Getty Center garden installation at the Pennsylvania Horticultural Society's Philadephia Flower Show

Look slightly familiar? This landscape-in-progress riffs on the Getty Center’s architecture and gardens. It’s on view March 1 to 9 at the Pennsylvania Horticultural Society’s Philadephia Flower Show.

Two thousand miles east of L.A., the final touches are being put on a pint-sized version of the Getty Center—in flowers. The mini-Getty will be unveiled Friday at the Philadelphia Flower Show organized by the Pennsylvania Horticultural Society, which this year has challenged landscape architects to transform museums around the country into botanical form. Rising alongside the Getty Center are the Guggenheim, the Smithsonian National Portrait Gallery, the Barnes Foundation, and the North Carolina Museum of Art, to name just four of of this year’s participants.

The Philadelphia Flower Show is the world’s oldest and largest indoor flower show. (If you’re wondering why it’s indoors, check the weather in Philly today.) If it relates to plants, you’ll find it there: from massive displays of rare orchids to discussions on vegetable gardening to stop hunger.

Getty Center garden installation at the Pennsylvania Horticultural Society's Philadephia Flower Show

Azaleas in full bloom, inspired by the Getty Center’s Azalea Pool, part of Robert Irwin’s Central Garden. In this photo, the water feature has yet to be filled.

Each participating museum worked with a garden designer who sought inspiration in its collections, buildings, or grounds. Our collaborator is the Philadelphia firm of Burke Brothers, whose landscape architect Vivianne Englund-Callahan created this SoCal moment in the middle of the Pennsylvania Convention Center. In a bird’s-eye-view, the 40-by-55-foot installation looks like an abstract painting, filled with blocks of contrasting colors and textures.

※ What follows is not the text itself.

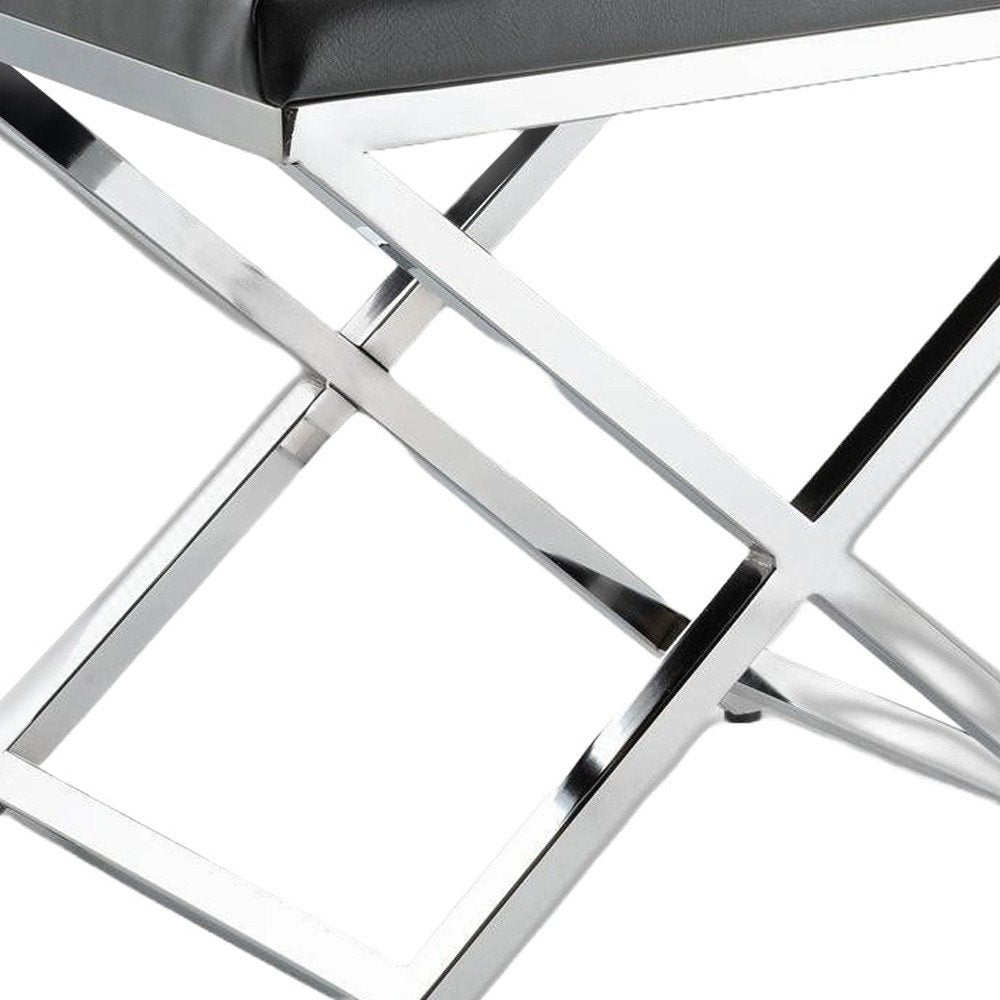 21" Charcoal and Silver Faux Leather Vanity Chair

Landscape architect's rendering of the Getty Center display at the Philadelphia Flower Show

Designer’s-eye-view rendering of the mini-Getty. Courtesy of Burke Brothers Landscape Design/Build

Two trellises, inspired by these lavender ones at the Getty Center, lead to a central open space surrounded by seating walls and flowering trees.

Lavender wisteria trellis at the Getty Center

The lavender trellis at the Getty Center, a pop of color amidst the travertine

Englund-Callahan drew inspiration for the installation from several aspects of the Getty Center’s architecture and gardens—the travertine grid, the Azalea Pool, and the cactus garden on the South Promontory overlooking L.A. Also—and really, what plant-lover could resist?—she snuck in a nod to Van Gogh’s Irises.

The Getty-in-flowers opens to the public on March 1 and closes March 9. If you’re in Philly and lucky enough to see it and its neighbors on this unusual and completely original museum row, snap it and share with the hashtag #ARTiculture.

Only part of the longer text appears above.